Maybe it’s more of a hipster teen coming-of-age comedy/drama set in olden times?
Or perhaps it’ll have more of a “Bridgerton” vibe, with colorful costumes, a wonderfully diverse cast and a host of anachronistic needle drops spicing up the olden times setting?
Here’s the unfortunate news. While the talented and versatile director Paul Feig (“Freaks and Geeks,” “Bridesmaids,” “A Simple Favor”) displays an admirably ambitious reach, and there are some impressive visuals, “The School for Good and Evil” never quite finds its footing. It doesn’t help that the running time is a far-too-long 2 hours and 26 minutes, and the performances range from overly broad caricature work (even for this material) from some big-name stars, to underwhelming portrayals by the younger leads.

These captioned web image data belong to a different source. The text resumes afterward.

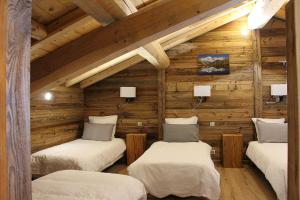 a room with three beds in a log cabin at Chambres et Tables d'Hôtes Le Choton à Nono - Col du Joly Beaufortain in Hauteluce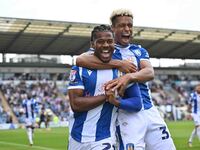 Owura Edwards (21, Colchester United) celebrates with Lyle Taylor (33, Colchester United) his first goal, making the score 1-1, during the S...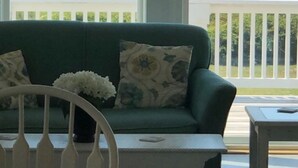 A room with a view of the beach, a green sofa, and a small table. - Fabulous beach view!  Large pool…across from beach access. Decks on both levels! (Holden Beach)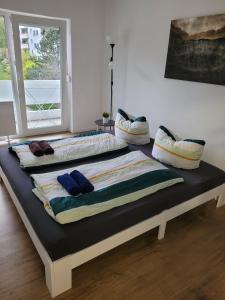 łóżko z poduszkami na górze w pokoju w obiekcie Schöne, gemütliche möblierte 2 Zi Wohnung in RGB w Ratyzbonie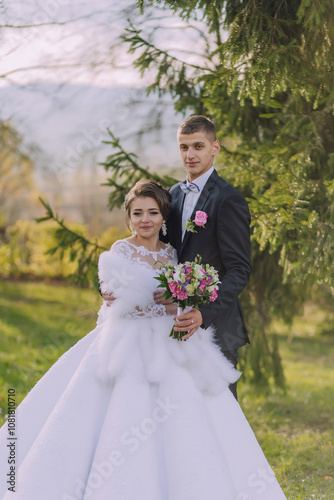 A bride and groom are posing for a picture in a forest. The bride is wearing a white dress and a fur stole, while the groom is wearing a suit. They are holding flowers and a bouquet photo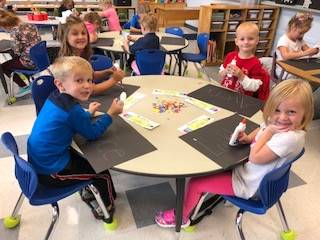 Kindergarteners learn how to glue!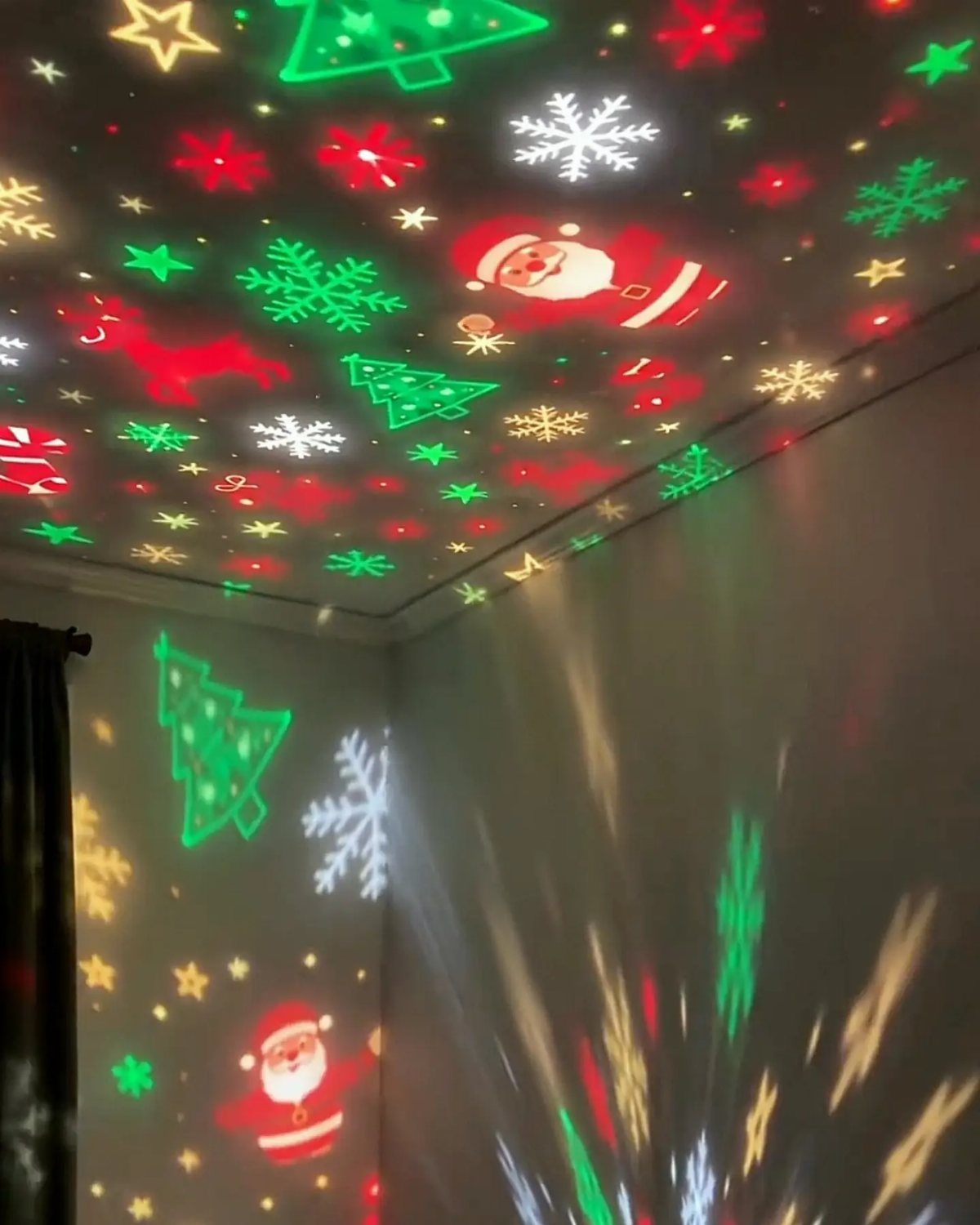Christmas themed light projections of Santa, trees, and snowflakes on a room ceiling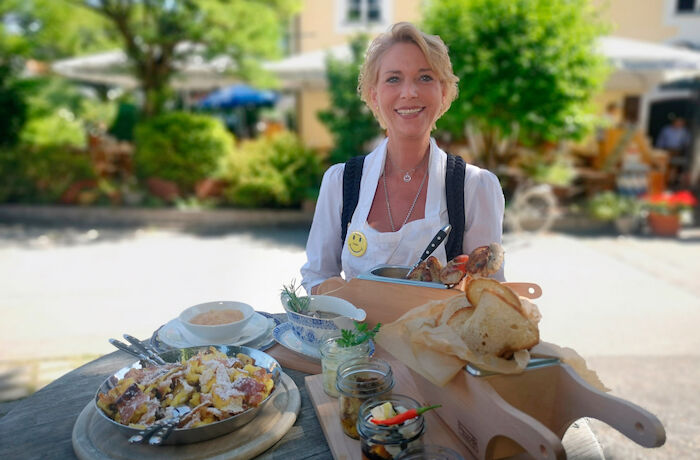 Landgasthäuser. Postwirtin Elisabeth Walch präsentiert Gerichte an einem Holztisch vor ihrem Gasthaus. Bild: Sender / BR / Bewegte Zeiten Filmproduktion GmbH / Carsten Frank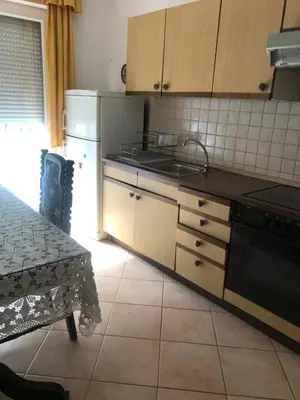 a kitchen with a sink and a stove at Ema's apartments in Bihać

Based on the first of a series of popular novels by Soman Chainani, “The School for Good and Evil” opens with a prologue in which two powerful brothers with superpowers engage in a duel in which one of them uses forbidden “blood magic” and the other says, “It’s forbidden for a reason, you can’t control it!” Let’s put a pin in that and enter into the main storyline, with Cate Blanchett’s narrator telling us, “Many years later, in a land far away, a story was unfolding …”
In the land of Gavaldon, which looks like the live-action setting for any number of fairy tales such as “Cinderella” and “Robin Hood,” we meet two bright and delightfully different girls who are shunned by their peers: the cynical Agatha (Sofia Wylie), who lives in a humble cottage next to the cemetery with her mother, who is purported to be a witch, and Agatha’s best friend Sophie (Sophia Anne Caruso), a cheery farm girl with more traditional blonde-princess looks who dreams of venturing outside the provincial boundaries of Galvadon and embarking on great adventures. (When Agatha and Sophie say in unison, “God, I hate this town,” they sound like they’re in a 2022 high school movie.)
Be careful what you wish for. A terrifying bird-monster creature snatches both Sophie and Agatha, whisks them away and drops them at the School for Good and Evil, where, legend has it, all fairy tales begin. (It looks a little bit like a safety school for those who didn’t get into Hogwarts). Funny thing, though: Even though Agatha is the goth-punk type and Sophie has all the makings of a fairy-tale princess, Agatha is dropped off at the pastel-colored, plush and bright Good School, where students are taught to be heroes, while Sophie is dragged into the Bad School, where outcasts and delinquents and goth punk types are schooled in the ways of being, well, bad.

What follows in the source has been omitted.